Dérapages en sérieLa campagne du RN a viré au cauchemar - Les 4 raisons d'un échec
Barman Nicolas
8.7.2024
Front républicain, impréparation des candidats et dérapages en série: malgré un gain d'une cinquantaine de députés, le Rassemblement national apparaît comme le grand perdant des législatives, plombé par une campagne d'entre-deux-tours qui a viré au cauchemar.
Barman Nicolas
08.07.2024, 15:07
08.07.2024, 16:10
Barman Nicolas
Seuls contre tous
Auréolés de leur triomphe aux européennes puis au premier tour des législatives, les lepénistes entendaient s'appuyer sur leur dynamique d'une part, sur la désorganisation et les divergences stratégiques de leurs adversaires d'autre part, pour s'imposer au second.
Le RN pariait sur un scénario comparable à celui des précédentes législatives de 2022, lorsque la majorité macroniste s'était embourbée dans des (non-)consignes de vote illisibles entre les deux tours - 89 candidats RN avaient finalement été élus.
C'était sans compter sur la très forte participation, qui a permis la mise en place au second tour de centaines de triangulaires.
Paradoxalement, c'est cette configuration réputée favorable au RN - arrivé en tête dans une immense majorité de circonscriptions - qui a accéléré la constitution de «fronts républicains», dans une mouvement sans bavure - ou presque - de la part de l'ensemble des forces politiques opposées à Jordan Bardella.
Face à l'hypothèse d'une majorité absolue des lepénistes à l'Assemblée, des dizaines de candidats de gauche (130) et macronistes (80) se sont désistés et ont permis d'ostraciser le parti à la flamme.
Et, sondage après sondage, c'est vers le camp du tout-sauf-RN que la dynamique a basculé, coupant net l'élan de l'extrême droite, jusqu'au résultat de dimanche soir.
Le RN avait compté lors du premier tour ses bastions: une quarantaine de ses candidats avaient été élus dès le premier tour, dont Marine Le Pen, une première dans l'histoire du parti qui voulait y voir un présage heureux.
Las: les lepénistes ont à nouveau été confrontés à un plafond de verre, d'autant plus solide que sur 158 triangulaires, 149 ont été converties en duel. Et le parti d'extrême droite n'est parvenu à convaincre plus d'une moitié d'électeurs que dans 39 d'entre elles.
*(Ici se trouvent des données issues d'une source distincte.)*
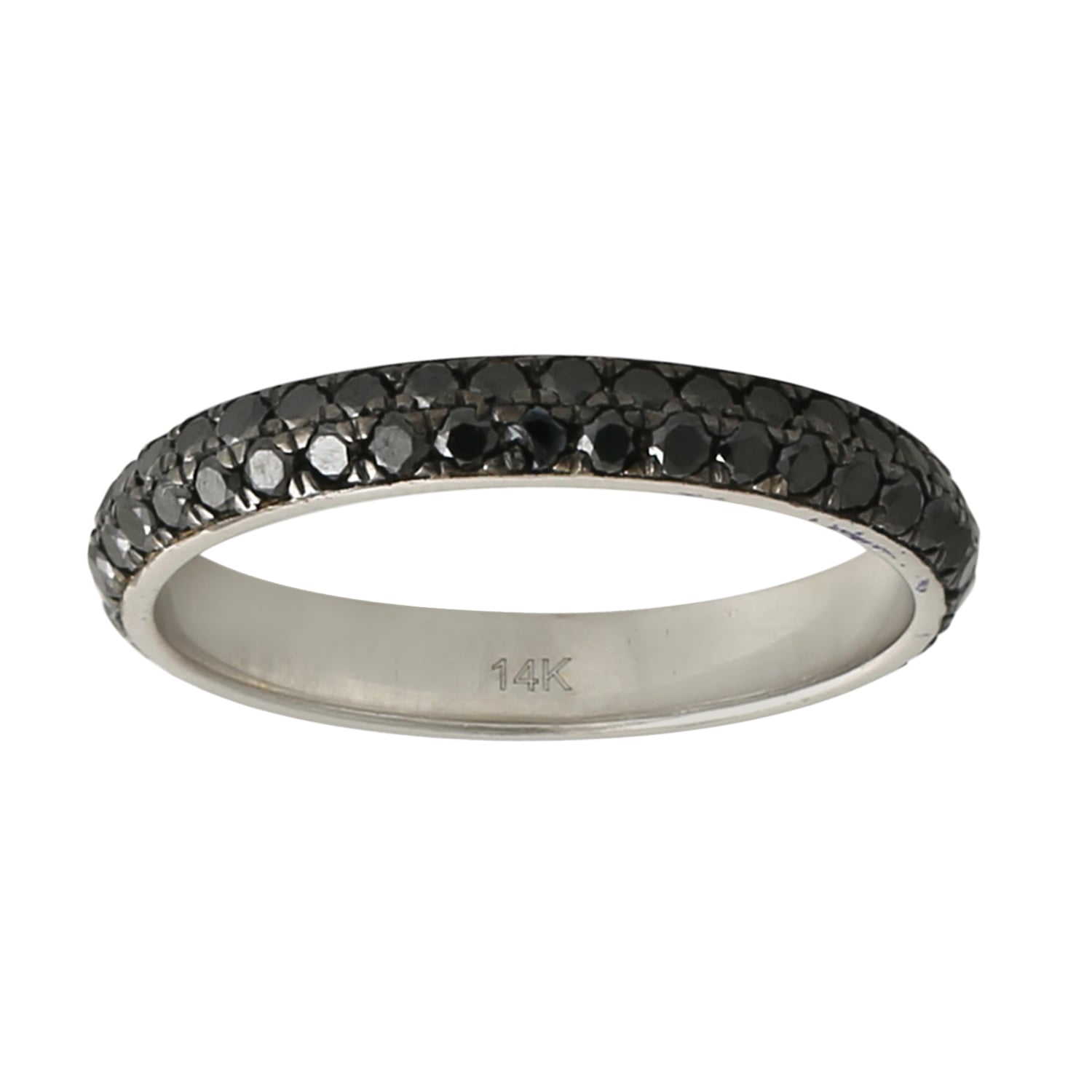 Artisan Women's White / Black 14k White Gold Thin Band Ring With Black Diamonds In Multi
La contre-performance est d'autant plus amère pour le RN que la participation au second tour a été historiquement forte: le signe d'une mobilisation contre l'extrême droite, quand Jordan Bardella pariait au contraire sur le fait que les «fronts populaires» jugés «contre nature» nourriraient l'abstention.
Brebis galeuses
Dès le dépôt des candidatures, des dizaines de candidats RN ont été épinglés pour des propos litigieux publiés sur les réseaux sociaux, souvent à caractère raciste.
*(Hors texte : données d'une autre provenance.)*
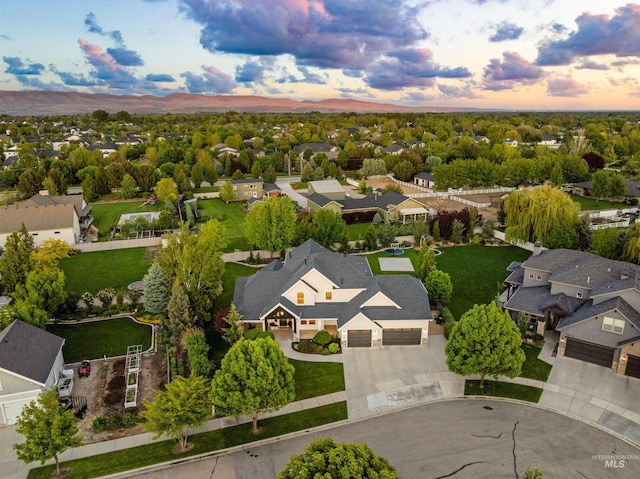 1912 N Bottle Creek Pl, Eagle, ID 83616 - aerial view at dusk of a residential view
Devant l'ampleur du phénomène, Jordan Bardella avait été obligé de reconnaître des «brebis galeuses» parmi ses prétendants députés, pas plus de cinq selon lui.
Anecdotique ou pas, l'affaire a remis en lumière les obsessions du parti d'extrême droite et de ses militants, à rebours de la stratégie de dédiabolisation chère à Marine Le Pen.
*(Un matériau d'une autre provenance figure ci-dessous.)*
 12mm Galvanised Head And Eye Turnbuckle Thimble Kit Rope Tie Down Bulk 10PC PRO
De même, les débats locaux d'entre-deux-tours ont jeté une lumière crue sur l'amateurisme de nombre de candidats et renvoyé les lepénistes à leur historique procès en incompétence.
Binationaux
Les troupes de Jordan Bardella ont trébuché sur la question de la binationalité, qu'elles ont pourtant elles-mêmes mis au cœur du débat public.
Le député sortant Sébastien Chenu - réélu au premier tour - avait mis le feu au poudre en expliquant que les Français disposant d'une autres nationalité seraient exclus d'une liste d'emplois jugés sensibles.
Interrogé dans la foulée, Jordan Bardella n'avait pas voulu déjuger M. Chenu, par ailleurs vice-président de l'Assemblée lors de la précédente législature.
Mais en voulant minimiser la portée de la mesure - «à peine quinze personnes» - ou en donnant des exemples - «un directeur de centrale nucléaire franco-russe» -, il a tout de même contribué à ce que le sujet s'impose au centre de la campagne. Pire: son ambiguïté a laissé penser que le RN opérait une distinction entre Français.
Jusqu'aux propos d'un haut cadre du parti, Roger Chudeau, sur la nomination de l'ancienne ministre socialiste de l'Education, Najat Vallaud-Belkacem, une «Franco-marocaine» dont la nomination fut une «erreur», estimait-il, en évoquant plus largement un risque de «double loyauté» des binationaux.